Court name
Bulawayo High Court
Case number
HB 68 of 2006

Holgate Forestry Industries and Anor v Ncube and Anor (HB 68 of 2006) [2006] ZWBHC 68 (05 July 2006);

Law report citations
Media neutral citation
[2006] ZWBHC 68

                                                                                    Judgment No. HB 68/06

                                                                                    Case No. HC 1130/06

X-Ref HC 1865/05; 2378/05; 1155/06




















Advocate P Dube,for first and second applicant

M Ncubefor first respondent


NDOU J:       This is an application for stay of  execution.  It is common cause that following a judgment of this court entered in default against the applicants herein on 6 April 2006, a writ for the ejectment of the applicants was issued.  Second respondent gave notice that the writ would be executed on 29 May 2006.  It is common cause that on 29 May 2006, and despite a copy of the current application being brought to his attention, second respondent executed the writ, and ejected the applicants from the property.  The provisional order sought in this application did provide, however, for restoration of the applicants to the property, in the event that, as happened the eviction would have been carried out at the time of arguing this application.  Applicants’ prayer, therefore is now for restoration to the property, pending the outcome of this application for

                                                                                                                        HB 68/06

rescission of judgment, and of the main matter, should rescission of judgment be granted.  An application for rescission has already been filed of the record under case number HC 1155/06.

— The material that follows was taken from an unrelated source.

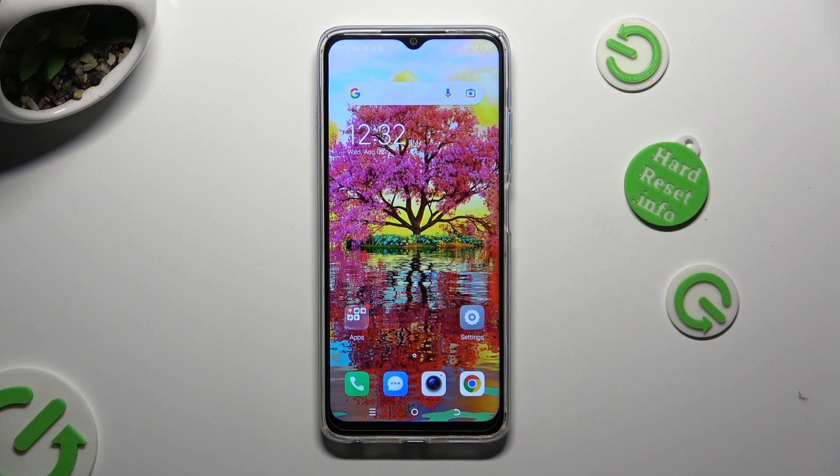Hi! In front of me is TechnoSpark10 and today I would like to show you how you can set up Face Unlock.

That this court has power to suspend execution of its own judgment is trite law – Cohen v Cohen 1979(3) SA 420 (R) and Mupini v Makoni 1993(1) ZLR 80(S).  The court has wide discretion in such matters – Santam Ins Co Ltd v Paget (2) 1981 ZLR 132 (G) at 134-5; Chibanda v King 1983(1) ZLR 116(H) at 119C-H and Strime vStrime 1983(4) SA 850(C) at 852A.  From the papers it is evident that there is real hardship to the applicants.  First, the property has been used as a residential property for second applicant, a director of first applicant.  There is clear prejudice to him if the eviction is allowed to remain final pending the outcome of the application for rescission.  Second applicant remains without a residence, and damage to his household furniture and effects is likely.

Second, first respondent, who lives in Bulawayo, does not appear to have personal need of the property, which is in an up market residential area in Harare.  There is a high demand for residential properties in Harare.  Therefore, it is not likely that first respondent will keep the property vacant pending the outcome of the application for rescission of judgment.  If another tenant is, as is highly probable, placed in the property, it would be very difficult to restore applicants to the property should the rescission of judgment be granted.  Where such likelihood of real hardship is demonstrated, the court is likely to exercise its discretion in favour of the granting of the stay of execution.

                                                                                                            HB 68/06

Further, the founding affidavits in both this application and the cross-referenced application for rescission of judgment show that applicants have seemingly good bona fide defence to first respondent’s claim for eviction and ancillary relief.  From the papers it would appear that the factual allegations upon which first respondent’s claims for eviction are based have been disputed.  The alleged damage to the property has been denied.  First respondent had alleged damage to both the interior and the exterior of the property by the applicants.  These allegations met not only with unequivocal denials, but also with evidence in rebuttal.  A sworn statement has been placed before this court, from a neutral party, being the estate agent.

Further, failure or default in payment of rentals, another ground upon which first respondent sought eviction, has also been denied.  Applicants have demonstrated that there was no refusal to pay rentals.  Some rentals were paid to first respondent’s agent.  This agent, at some point, failed to account to his principal.  The result of that was not a default by the applicants in the payment of rentals.  Further, applicants demonstrated that, following the clear breakdown of civil relations between the parties, particularly second applicant and first respondent, first respondent refused to accept rental payments.  Cheques issued and mailed by the first applicant in payment of rentals have not been banked by the first respondent.

On the default, the papers show that the applicants’ legal practitioner was away writing examinations when the first respondent’s

                                                                                                                        HB 68/06

heads of argument were served.  The applicants’ heads were filed out of time by a single day out of the ten day period stipulated in Rule 238(2a).  In the circumstances, there cannot be drawn an inference that applicants were in wilful default – V Saitis & Co v Fenlake (Pvt) Ltd 2002(1) ZLR 378(H) ZIMBANK v Masendeke 1995(2) ZLR 400 and Hutchinson v Logan 2001(2) ZLR 1.

Accordingly, there is a good chance that the application for rescission of judgment will be granted.  In that event, applicants would have suffered prejudice and injustice in that it would be hard, if not impossible, to, after the rescission of judgment, restore them to the premises.  The applicants have made a prima facie case for the granting of the provisional order.

Accordingly, I grant the provisional order in terms of the draft.